Facebook’s engineering team wrote about the different methodologies used at Facebook that help maintain a high degree of hardware availability in their data centers.
Facebook has data centers across the globe in 15 regions, and has been expanding regularly. A lot of this is possible because provisioning of infrastructure, including the network, is automated. Hardware failure is expected at such scale and is mitigated to some extent by Facebook’s internal cluster management system called Twine (previously known as Tupperware). There are four aspects which help Facebook maintain a high degree of hardware availability. These are systems for detection and remediation, monitoring and mitigation without significantly affecting application performance, using ML techniques for predicting anomalies, and an automated root cause analysis (RCA) system. These four aspects are also discussed in detail in individual papers by Facebook engineers.

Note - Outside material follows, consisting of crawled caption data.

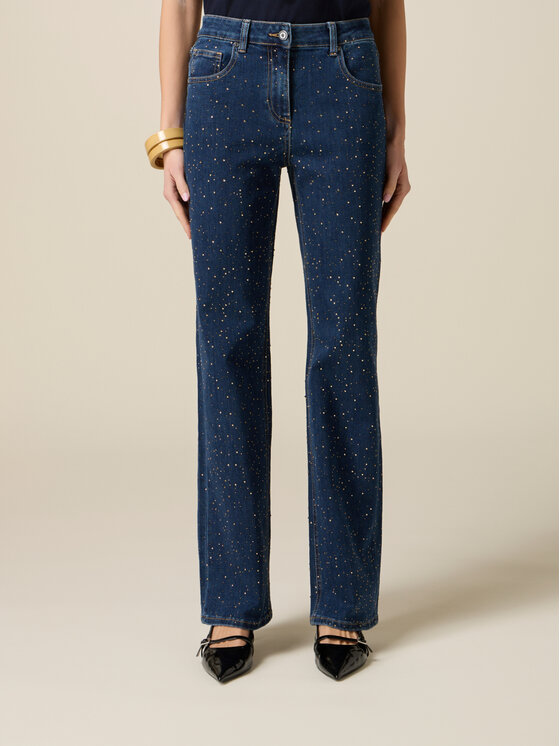 Oltre Oltre Jeans P459R108891N034 Blu Regular Fit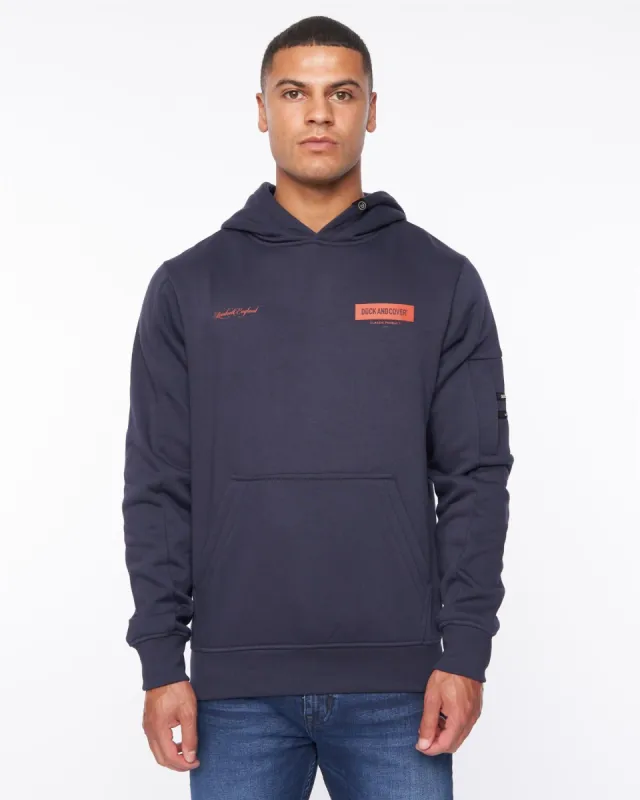 Mens Marsak Hoodie Navy sold by Brand Corner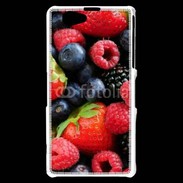 Coque Sony Xperia Z1 Compact fruits rouges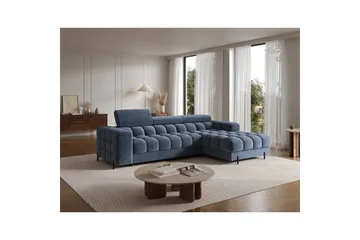 Hjørnesofa Eltap Felro 285x181x93 cm - Aura 40, Blå, Høyre - Møbler - Sofaer - Sovesofaer - Sovesofa divan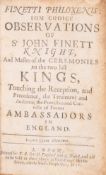 θ Finett (Sir John) Finetti Philoxenis: Some Choice Observations of....Ambassadors in England, …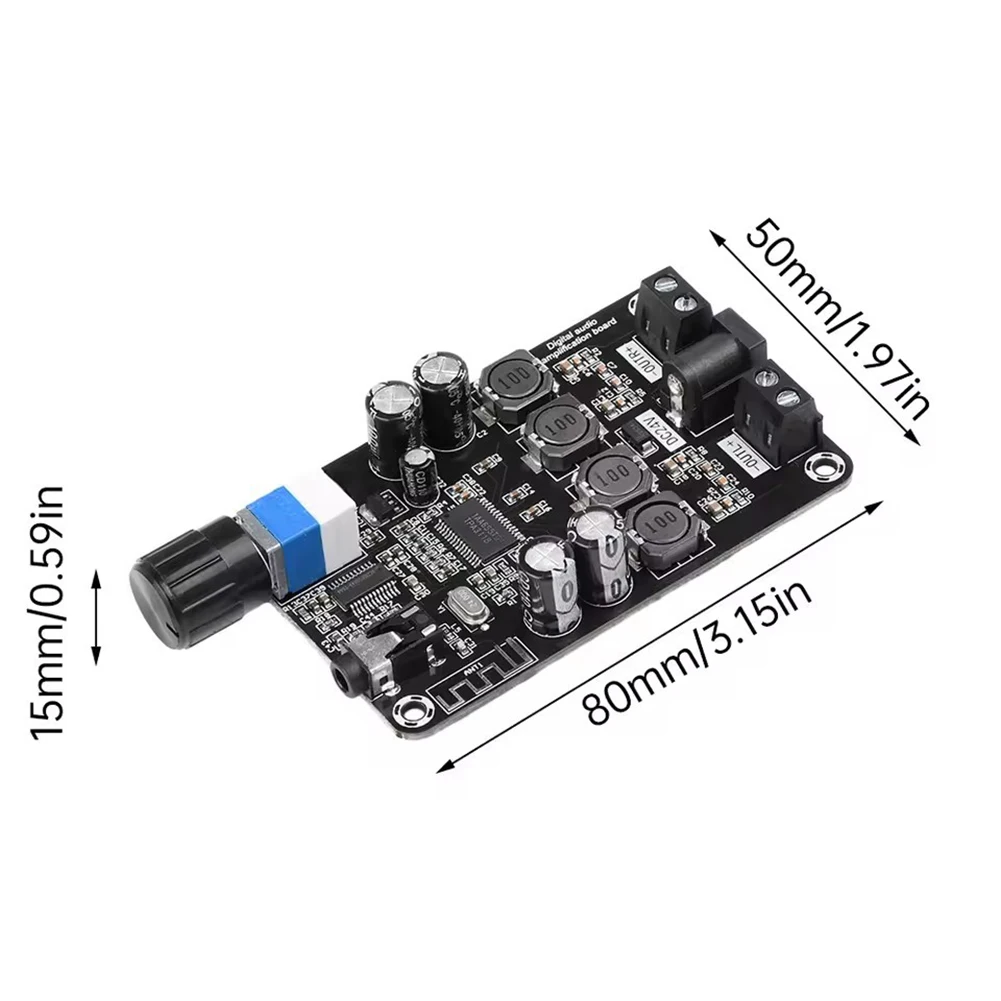 Dual Channel TPA3118D2 Amp Board Efficient Class D Design Wide Power Input 12 24V High Power Audio Board Module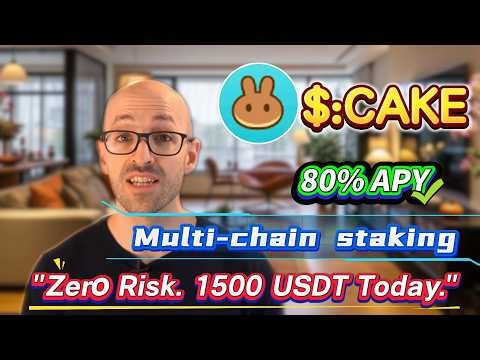 Start Today, Earn 80.45% Monthly with CAKE Staking! No-Risk Mining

Facebook’s detection and remediation system consists of the tools MachineChecker – which analyzes server logs, Facebook Auto-Remediation (FBAR), and Cyborg. MachineChecker checks include “checks for host ping, out-of-band (OOB) ping, power status check, memory error checks, sensor check, secure shell (SSH) access, network interface card (NIC) speed, dmesg check, S.M.A.R.T.check, and power supply check”. It creates alerts in a central system, and FBAR executes customizable scripts to attempt to fix it. Mostly written in Python, FBAR is not a new system – it has existed for almost a decade, with subsequent improvements. Cyborg runs lower level checks and logs a ticket for manual intervention if remediation was unsuccessful. As part of the workflow, FBAR and Cyborg both rerun MachineChecker again to verify the failure. According to one talk, “94% alarms are cleared without human intervention”.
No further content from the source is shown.